Porém, um ser humano perde esse brilho, sua
nobreza decai, se humilha; e somente o desrespeito as leis Divinas o faz descer
dessa nobre altura; nele não mais reflete a luz do Supremo Bem. D´Ele a
semelhança não mais se apresenta e a Sua sublime grandeza não mais assume, se
não apresentar oposição ao prazer do mal. Tendo todo o gênero humano ficado
assim infeccionado pelo germe do pecado, dessa grandeza e do seu Paraíso foi
deserdado só podendo reavê-los – com certeza saberás se, prestares bem atenção
- intervindo um dos meios que com
clareza aponto: ou Deus por bondade infinita perdoando, ou porque o homem por
si próprio, convencido da sua culpa, peça o perdão. Para sondar a profundidade
imensa dos tribunais eternos, fixe na mente as razões que meu discurso
apresenta. Vivendo na eterna miséria o ser humano não poderia curvar-se tanto,
humilde e reverente, quanto em sua rebeldia se elevar quisera. Eis porque,
redimir-se do pecado, por si mesmo a ele não seria possível. Portanto, foi do
agrado Divino por clemência ou justiça e ambos juntando, ter sido ele preparado
para a vida eterna.
Tendo sido a obra executada
ao gosto do Criador, ainda mais quando apresenta a imagem do sentimento, de que
vem piedoso a brando, a bondade que em tudo se reflete, se oferece em nosso
favor dos dois modos; somente um, bastar-lhe não parece.
Ato igual não se fez tão
sublime e belo quanto esse; nem entre a noite final (Juízo Final) e o primeiro
dia, (o dia da Criação) nem se faria. Deus se fez mais generoso doando-se,
porque deu condição ao homem de se erguer, do que caridosamente o perdoando. Qualquer
outro meio que empregasse não bastaria à Justiça Divina, a não ser o do Filho
de Deus se humilhando, a natureza humana recebendo.
Para de tudo seres
doutrinado, eu volto a um ponto, para que mais claramente vejas o que
cuidadosa, tenho te explicado. Então me dirás: se bem reparo no fogo e na água,
na terra e no ar e em seus componentes, vejo degradação que assola sem piedade
– Respondo-te: na criação Deus ordenou: deverão ser isentos de deterioração,
permanecendo perfeitos em sua matéria. - Sendo corretos os princípios a ti
expostos, como irmãos se consideram os anjos, os homens e do universo, tudo o
que há no espaço inteiro, devendo, conservarem-se puros, como foram criados.

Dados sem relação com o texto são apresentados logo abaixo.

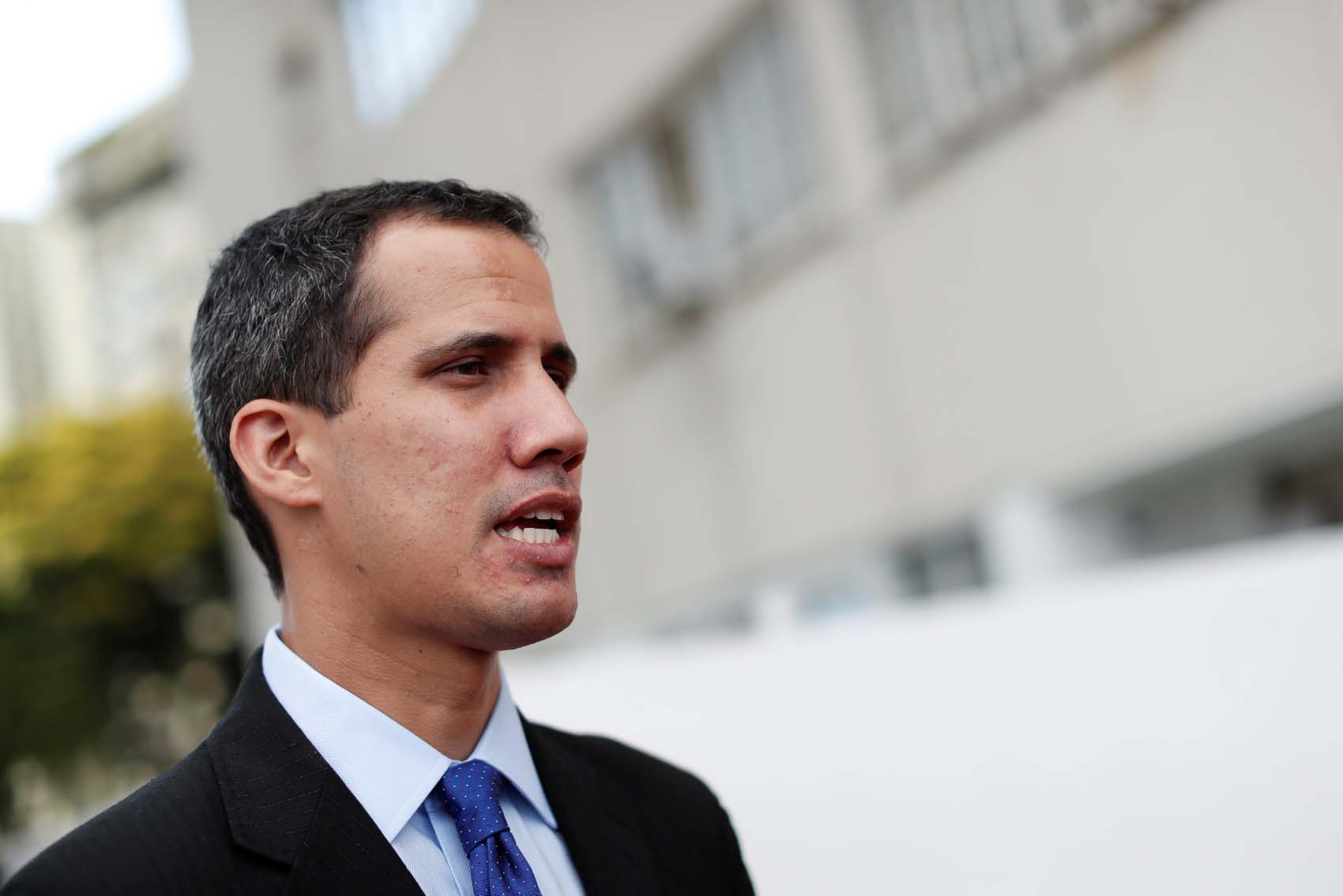 El presidente encargado Juan Guaidó tiende la mano a China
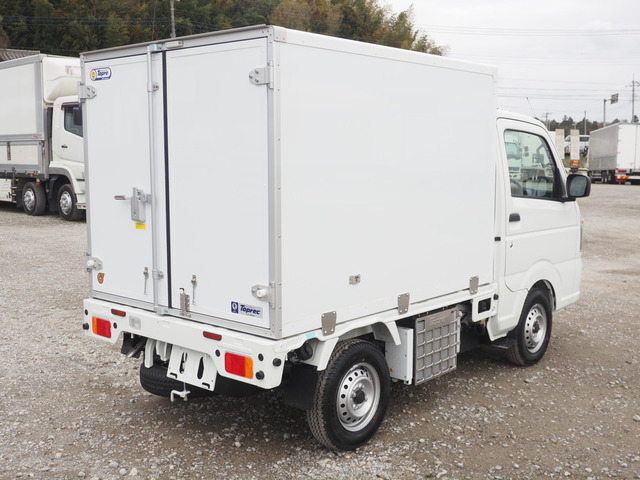 キャリイ冷蔵冷凍車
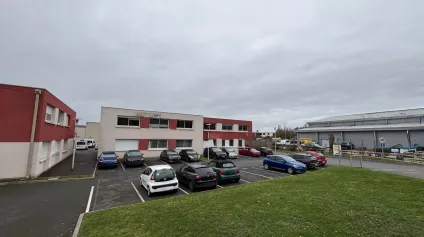 A LOUER - Local de stockage - Offre immobilière - Arthur Loyd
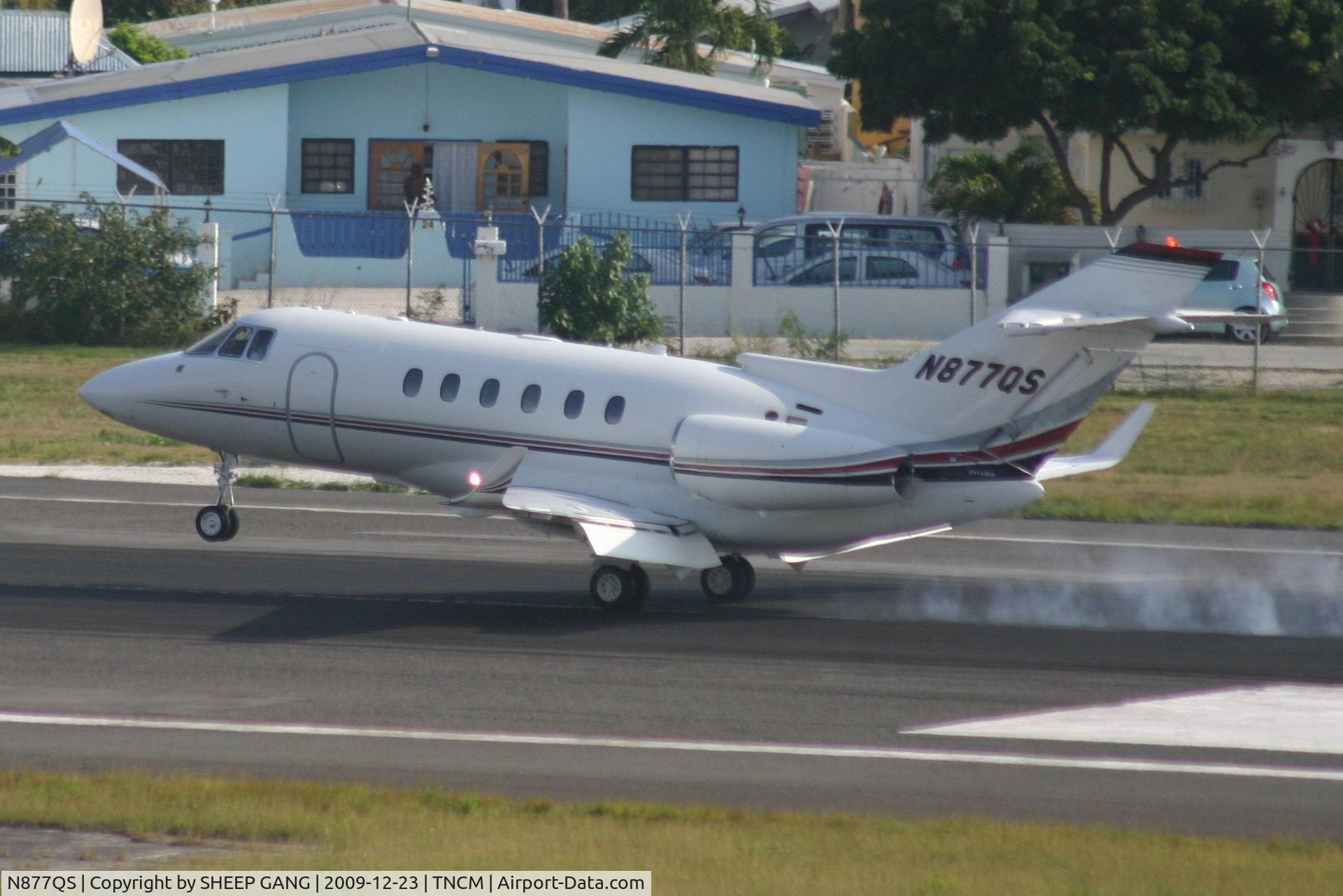 N877QS, 2008 Hawker Beechcraft Hawker 900XP C/N HA-0066, N877QS landing at TNCM on runway 10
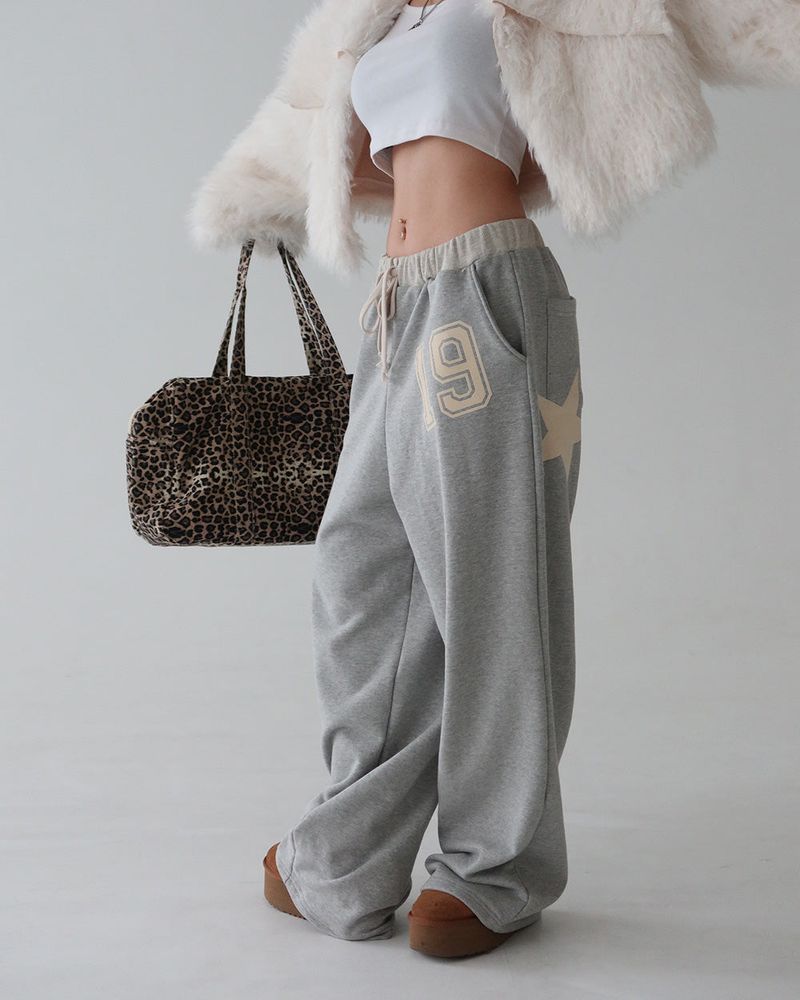 Delight-J（ディライトジェイ）の「Nineteen Star Printed Wide Pants（Pants）」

Elementos da natureza, e tudo o que nela permanece, oferecem traço de qualidade
própria criada por eles e que se harmonizam. A lei divina criou-lhes a matéria
criando logo a força participante que predomina nos astros que os cercam. Nossa
vida vem diretamente de Deus, Supremo Bem, que em nós produz tal Amor, que O
faz desejar eternamente. Daí, por dedução, vem também vossa ressurreição, se
teu espírito considerar a perfeição do ser e a essência da natureza humana,
quando o primeiro par teve existência".